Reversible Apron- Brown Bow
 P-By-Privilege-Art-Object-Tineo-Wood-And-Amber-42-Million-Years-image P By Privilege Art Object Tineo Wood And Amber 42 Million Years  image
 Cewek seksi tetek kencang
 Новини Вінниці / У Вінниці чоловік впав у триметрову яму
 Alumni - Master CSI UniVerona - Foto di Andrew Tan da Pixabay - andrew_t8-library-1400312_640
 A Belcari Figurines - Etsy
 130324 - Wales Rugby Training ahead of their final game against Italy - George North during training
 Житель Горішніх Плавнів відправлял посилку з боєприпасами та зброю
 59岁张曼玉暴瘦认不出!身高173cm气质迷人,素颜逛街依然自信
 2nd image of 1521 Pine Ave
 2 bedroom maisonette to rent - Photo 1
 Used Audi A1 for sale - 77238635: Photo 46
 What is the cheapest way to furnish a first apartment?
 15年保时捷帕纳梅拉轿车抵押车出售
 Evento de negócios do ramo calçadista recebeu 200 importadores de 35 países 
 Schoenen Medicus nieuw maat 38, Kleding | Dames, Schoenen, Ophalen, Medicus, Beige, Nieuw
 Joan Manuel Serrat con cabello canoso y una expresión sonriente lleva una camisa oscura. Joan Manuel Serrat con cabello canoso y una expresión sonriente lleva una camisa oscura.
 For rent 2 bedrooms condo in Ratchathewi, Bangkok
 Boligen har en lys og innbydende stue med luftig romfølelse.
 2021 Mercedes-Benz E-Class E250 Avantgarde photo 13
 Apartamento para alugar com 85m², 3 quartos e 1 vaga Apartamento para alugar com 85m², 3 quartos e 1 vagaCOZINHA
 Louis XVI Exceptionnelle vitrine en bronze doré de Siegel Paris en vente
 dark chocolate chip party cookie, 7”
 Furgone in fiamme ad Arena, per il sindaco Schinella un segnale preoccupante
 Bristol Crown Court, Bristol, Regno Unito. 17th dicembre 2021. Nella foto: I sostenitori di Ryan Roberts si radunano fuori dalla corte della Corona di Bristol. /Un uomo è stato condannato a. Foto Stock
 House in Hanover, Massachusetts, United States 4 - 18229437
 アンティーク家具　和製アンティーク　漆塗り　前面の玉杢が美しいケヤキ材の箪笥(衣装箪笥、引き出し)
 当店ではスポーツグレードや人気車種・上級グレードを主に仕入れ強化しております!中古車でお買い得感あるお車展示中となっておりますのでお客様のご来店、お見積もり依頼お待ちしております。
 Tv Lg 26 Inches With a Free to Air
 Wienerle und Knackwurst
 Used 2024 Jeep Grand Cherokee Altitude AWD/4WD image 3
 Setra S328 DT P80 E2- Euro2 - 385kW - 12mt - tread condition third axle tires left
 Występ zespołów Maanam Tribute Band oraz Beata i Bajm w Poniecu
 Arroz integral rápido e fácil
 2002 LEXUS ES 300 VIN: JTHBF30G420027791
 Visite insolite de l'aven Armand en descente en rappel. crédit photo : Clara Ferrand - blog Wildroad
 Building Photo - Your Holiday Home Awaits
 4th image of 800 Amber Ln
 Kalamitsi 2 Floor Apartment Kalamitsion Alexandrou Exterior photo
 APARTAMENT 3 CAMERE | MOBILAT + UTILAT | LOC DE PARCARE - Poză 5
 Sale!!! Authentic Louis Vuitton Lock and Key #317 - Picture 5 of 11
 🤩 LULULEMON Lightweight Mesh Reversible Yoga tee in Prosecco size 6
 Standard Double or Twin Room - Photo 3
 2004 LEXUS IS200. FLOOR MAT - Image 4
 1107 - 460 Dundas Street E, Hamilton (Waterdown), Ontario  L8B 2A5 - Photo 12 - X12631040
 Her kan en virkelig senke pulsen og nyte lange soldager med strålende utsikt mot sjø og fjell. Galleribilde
══════
◆ What to work on ◆
Give back exactly the lines from the one that contains "House in Hanover, Massachusetts, United" to the end of the data above, both of those lines included.

◆ Task result ◆
 House in Hanover, Massachusetts, United States 4 - 18229437
 アンティーク家具　和製アンティーク　漆塗り　前面の玉杢が美しいケヤキ材の箪笥(衣装箪笥、引き出し)
 当店ではスポーツグレードや人気車種・上級グレードを主に仕入れ強化しております!中古車でお買い得感あるお車展示中となっておりますのでお客様のご来店、お見積もり依頼お待ちしております。
 Tv Lg 26 Inches With a Free to Air
 Wienerle und Knackwurst
 Used 2024 Jeep Grand Cherokee Altitude AWD/4WD image 3
 Setra S328 DT P80 E2- Euro2 - 385kW - 12mt - tread condition third axle tires left
 Występ zespołów Maanam Tribute Band oraz Beata i Bajm w Poniecu
 Arroz integral rápido e fácil
 2002 LEXUS ES 300 VIN: JTHBF30G420027791
 Visite insolite de l'aven Armand en descente en rappel. crédit photo : Clara Ferrand - blog Wildroad
 Building Photo - Your Holiday Home Awaits
 4th image of 800 Amber Ln
 Kalamitsi 2 Floor Apartment Kalamitsion Alexandrou Exterior photo
 APARTAMENT 3 CAMERE | MOBILAT + UTILAT | LOC DE PARCARE - Poză 5
 Sale!!! Authentic Louis Vuitton Lock and Key #317 - Picture 5 of 11
 🤩 LULULEMON Lightweight Mesh Reversible Yoga tee in Prosecco size 6
 Standard Double or Twin Room - Photo 3
 2004 LEXUS IS200. FLOOR MAT - Image 4
 1107 - 460 Dundas Street E, Hamilton (Waterdown), Ontario  L8B 2A5 - Photo 12 - X12631040
 Her kan en virkelig senke pulsen og nyte lange soldager med strålende utsikt mot sjø og fjell. Galleribilde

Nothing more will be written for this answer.